Cigarettes aren't just toxic when they're being smoked. Even when the butts are scrunched up and cold, new research has found they continue to emit harmful compounds in the air.
In the first 24 hours alone, scientists say a used cigarette butt will produce 14 percent of the nicotine that an actively burning cigarette would. And the airborne emissions don't stop there.
While most of these chemicals are released within a day of being extinguished, an analysis for the United States Food and Drug Administration (FDA) found concentrations of nicotine and triacetin - a plasticiser in cigarette filters - had fallen by just half a whopping five days later.
"I was absolutely surprised," says environmental engineer Dustin Poppendieck from the United States National Institute of Standards and Technology (NIST).
"The numbers are significant and could have important impacts when butts are disposed of indoors or in cars."
While much attention has been paid to the health impacts of first-hand, second-hand and now third-hand smoking - where chemical residues linger on walls and furniture - the actual butt of the matter has been paid little attention.

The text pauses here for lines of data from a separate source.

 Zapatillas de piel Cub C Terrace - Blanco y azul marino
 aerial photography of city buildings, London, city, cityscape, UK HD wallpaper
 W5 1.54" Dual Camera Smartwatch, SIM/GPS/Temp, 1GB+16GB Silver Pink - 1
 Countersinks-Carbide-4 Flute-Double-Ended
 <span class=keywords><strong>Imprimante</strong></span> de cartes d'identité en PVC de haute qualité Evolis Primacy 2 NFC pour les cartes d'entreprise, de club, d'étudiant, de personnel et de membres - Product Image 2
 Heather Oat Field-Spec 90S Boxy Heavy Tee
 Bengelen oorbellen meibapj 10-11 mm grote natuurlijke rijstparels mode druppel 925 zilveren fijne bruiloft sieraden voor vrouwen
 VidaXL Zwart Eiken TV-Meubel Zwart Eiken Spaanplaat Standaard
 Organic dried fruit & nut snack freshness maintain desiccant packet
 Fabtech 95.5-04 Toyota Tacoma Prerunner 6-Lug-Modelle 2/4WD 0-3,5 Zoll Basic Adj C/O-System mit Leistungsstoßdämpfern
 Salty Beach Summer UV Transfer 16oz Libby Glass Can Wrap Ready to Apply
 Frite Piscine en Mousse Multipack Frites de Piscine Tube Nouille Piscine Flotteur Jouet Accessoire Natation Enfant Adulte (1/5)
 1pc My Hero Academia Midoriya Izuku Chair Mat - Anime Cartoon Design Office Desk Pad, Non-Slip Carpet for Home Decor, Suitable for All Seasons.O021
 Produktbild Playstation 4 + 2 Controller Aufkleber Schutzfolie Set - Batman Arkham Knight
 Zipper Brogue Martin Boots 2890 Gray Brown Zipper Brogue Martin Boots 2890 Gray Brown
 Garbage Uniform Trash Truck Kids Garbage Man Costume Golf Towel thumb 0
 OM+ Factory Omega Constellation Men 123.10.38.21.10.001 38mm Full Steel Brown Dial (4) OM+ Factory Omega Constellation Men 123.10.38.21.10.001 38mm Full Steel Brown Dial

To measure airborne emissions from this forgotten remnant, Poppendieck and his team placed 2,100 recently extinguished cigarettes inside a walk-in chamber made of stainless steel.
Of course, they didn't smoke all these themselves. Instead, the team built a machine to take six puffs per cigarette, mimicking the behaviour of actual humans in robotic-like movements.
Once the freshly-extinguished ends were sealed away, the team measured eight chemicals commonly emitted by cigarettes, four of which the FDA have their eye on for being harmful or potentially so.
Triacetin is not one of the dangerous ones, but because it's so common in cigarette filters and doesn't evaporate easily, it's a good indicator of how other sticky chemicals are breaking down.
Fiddling with the room's temperature, humidity and saturation, the authors tested how emissions changed under certain conditions. When the air temperature of the room was higher, for instance, they noticed the butts emitted these chemicals at higher rates.
In other words, leaving ashtrays out for days at a time, especially in the heat seems like a bad idea, and could potentially expose smokers and nonsmokers to even more harmful chemicals than we thought.
"Hence," the study authors conclude, "the emitted nicotine mass from a butt over five days could be comparable to the nicotine mass emitted from mainstream and sidestream smoke, especially at higher temperatures."
The findings are limited because they only implicate one leading brand of cigarettes and there are few other studies to compare them to. Nevertheless, if the numbers are accurate, it means we've been overlooking a big factor of cigarette smoking.
Today, it's estimated that more than five trillion butts are produced worldwide each year, and many of these don't get fully extinguished or thrown away properly, causing ground pollution as well, since cigarette butts are not biodegradable.
"You might think that by never smoking in your car when kids are present, you are protecting the nonsmokers or children around you," Poppendieck says.
"But if the ashtray in your hot car is full of butts that are emitting these chemicals, exposure is happening."
The studies were published in the International Journal of Indoor Environment and Health and Science of the Total Environment.